Medica has said would like to see federal and state actions to stabilize the market such as establishing a form of high-risk pools to cover high cost plan members and a reinsurance program to offset unknown high-risk members. Medica also said it's committed to working with state and federal stakeholders to stabilize the marketplace until the June 19th deadline. Medica and Gundersen Health Plan are the only two health plans expected to sell individual health plans on the exchanges in Iowa next year. But Gundersen, which offers plans in just four Iowa counties, is also weighing whether or not to offer plans for next year. If both insurers exit, about 51,600 people enrolled in Iowa's insurance marketplace would have no insurance option next year.

Congress Increases NIH Funding by $2 Billion

Lawmakers increased the budget for the National Institutes of Health (NIH) in its bipartisan deal to fund the government, effectively ignoring a Trump administration proposal.
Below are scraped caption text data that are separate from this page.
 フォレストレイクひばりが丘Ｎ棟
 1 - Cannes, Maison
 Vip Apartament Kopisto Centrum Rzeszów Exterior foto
President Trump had proposed cutting the NIH budget by $1.2 billion for the rest of the current fiscal year (FY). In total, the Health and Human Services (HHS) Department would receive $2.8 billion more in FY 2017 than in the previous budget year under the draft spending bill released last week, about two-thirds of which is directed to NIH.  The $34.1 billion for the NIH for the remainder of FY 2017 is the biggest boost the NIH has received in more than a decade, higher than at any point during the Obama administration.